[Data to examine]:
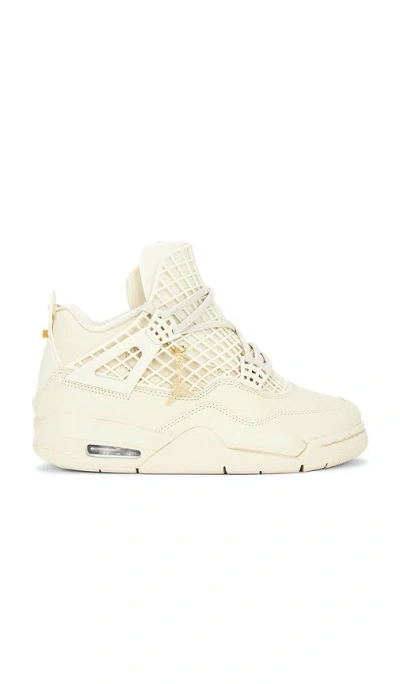Jordan Air  4 Net Sneaker In Rattan  Rattan & Metallic Gold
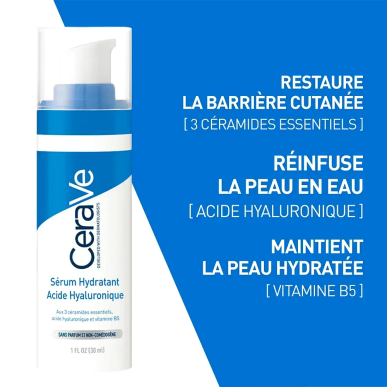 CeraVe Sérum Hydratant à l’Acide Hyaluronique 30ml – Soins hydratants et nourrissants / hydratants toutes peaux | CeraVe - Visag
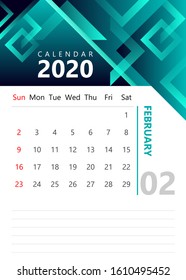 Monthly Calendar template February 2020 Green Background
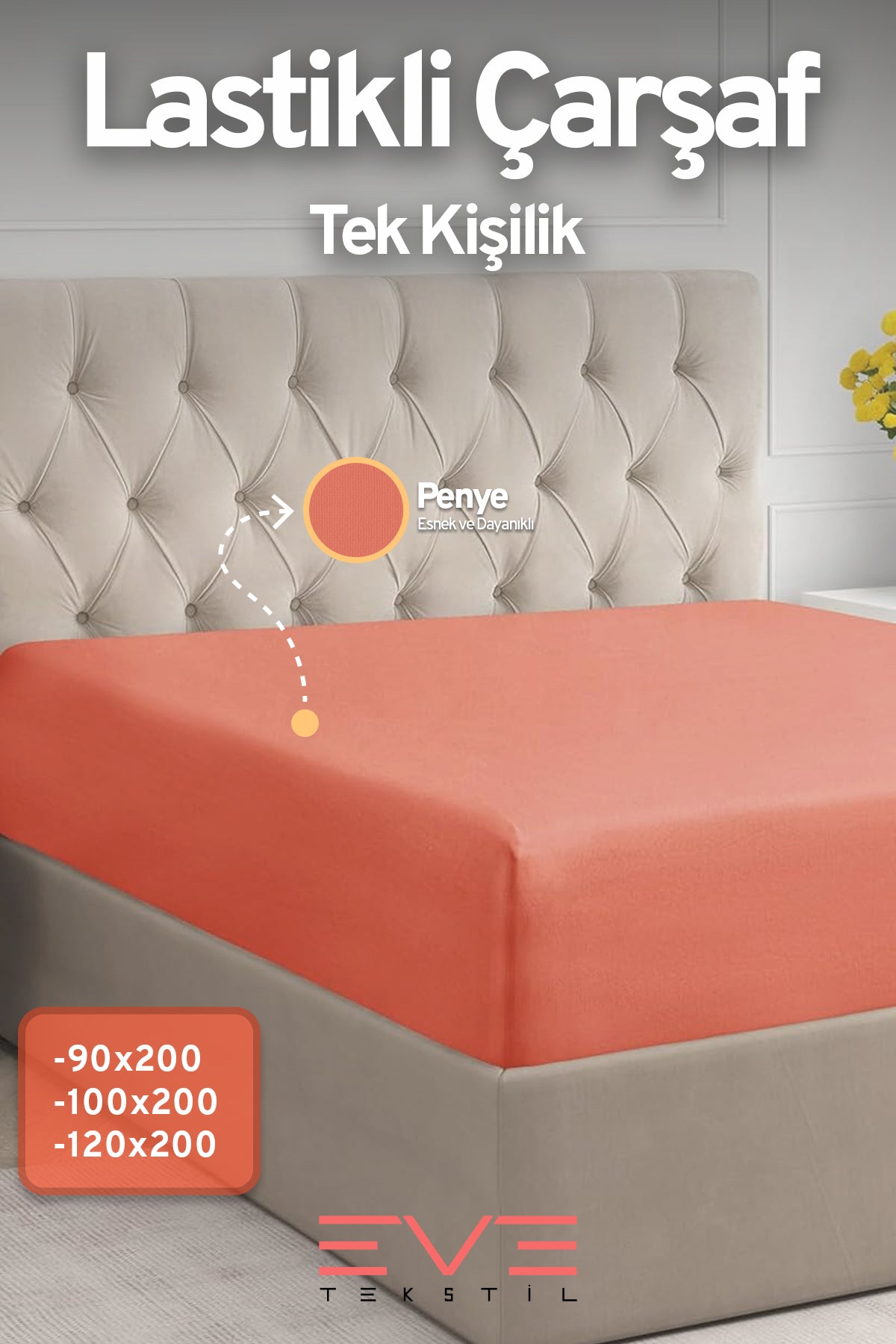 Fitted Yüksek Kaliteli Penye Kumaş Tek Kişilik Lastikli Çarşaf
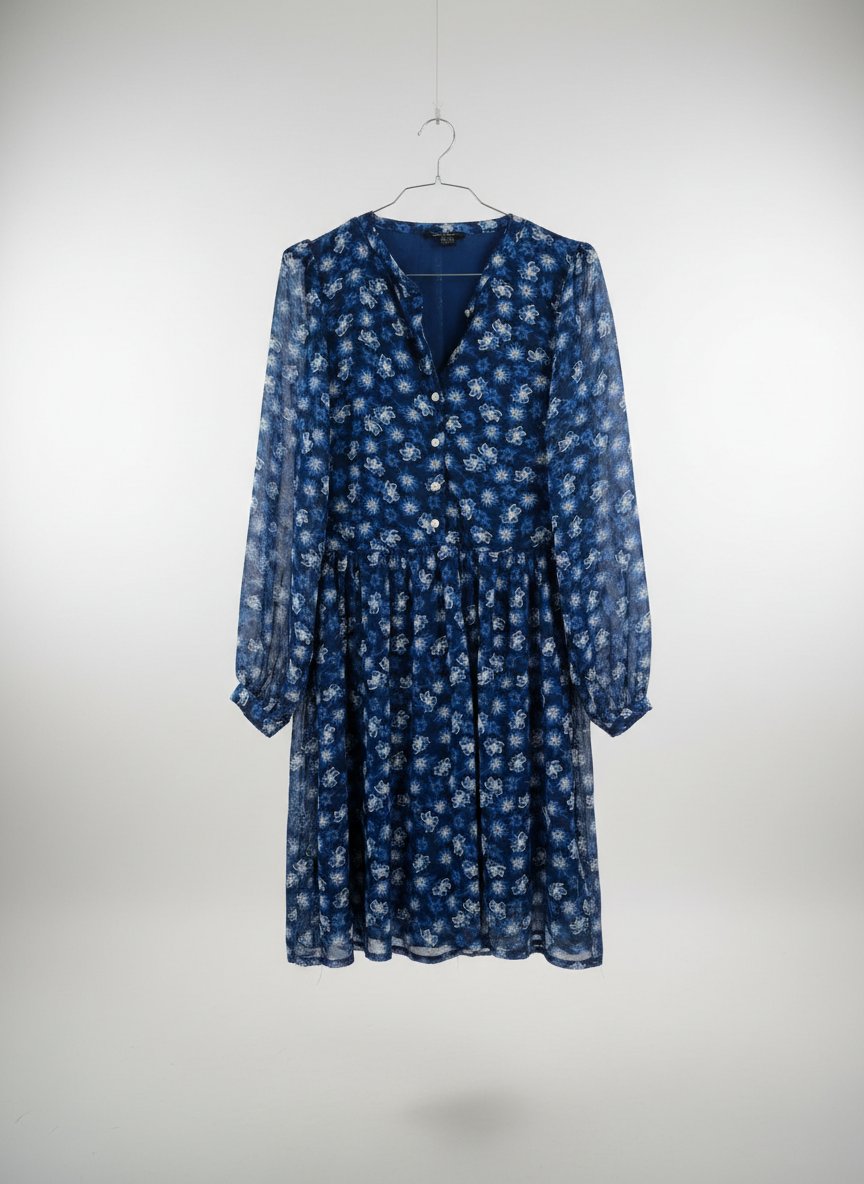 ✨ Robe fluide à fleurs bleues ✨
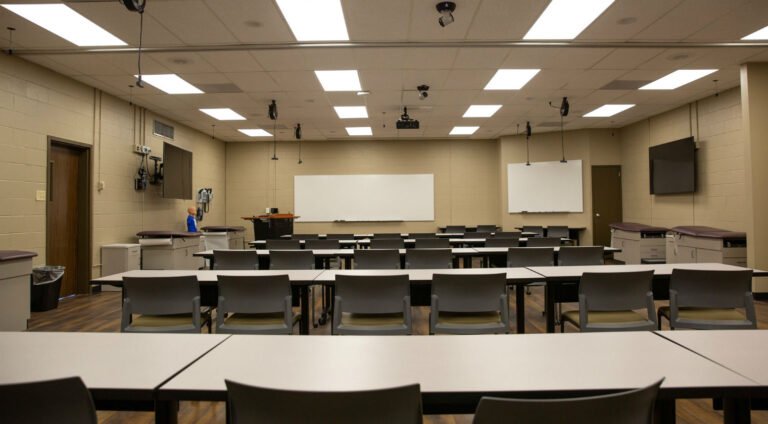 A renovated classroom in Mabee Hall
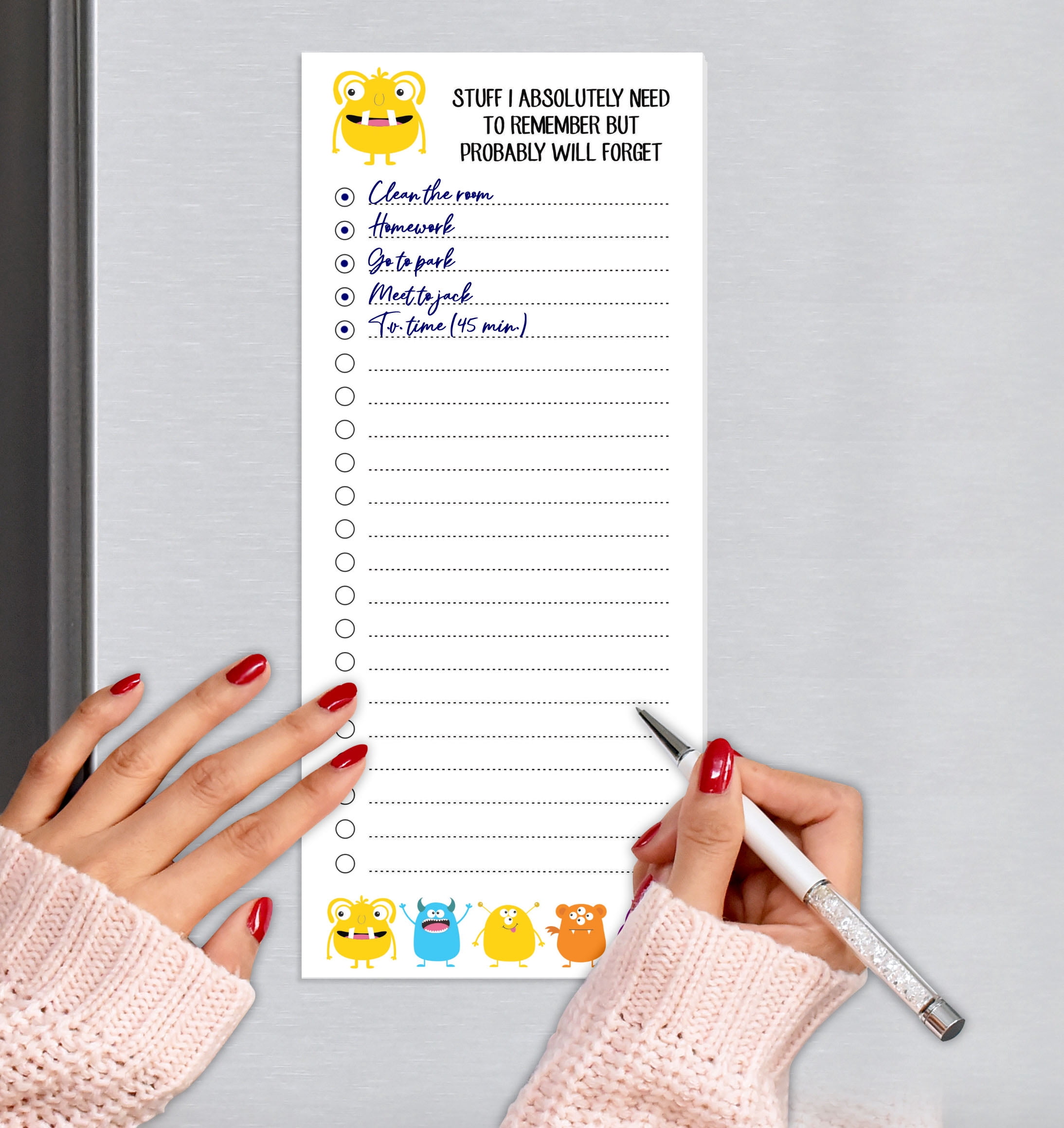 Inkdotpot Pack of 3 Magnetic Fridge To-Do List Notepads- Magnetic Memo Pads For Refrigerator-(50 Sheets Each)-Q8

[What is required]:
Copy the listing in full and without alteration, omitting every picture.

[Problem solution]:
Jordan Air  4 Net Sneaker In Rattan  Rattan & Metallic Gold
 CeraVe Sérum Hydratant à l’Acide Hyaluronique 30ml – Soins hydratants et nourrissants / hydratants toutes peaux | CeraVe - Visag
 Monthly Calendar template February 2020 Green Background
 Fitted Yüksek Kaliteli Penye Kumaş Tek Kişilik Lastikli Çarşaf
 ✨ Robe fluide à fleurs bleues ✨
 A renovated classroom in Mabee Hall
 Inkdotpot Pack of 3 Magnetic Fridge To-Do List Notepads- Magnetic Memo Pads For Refrigerator-(50 Sheets Each)-Q8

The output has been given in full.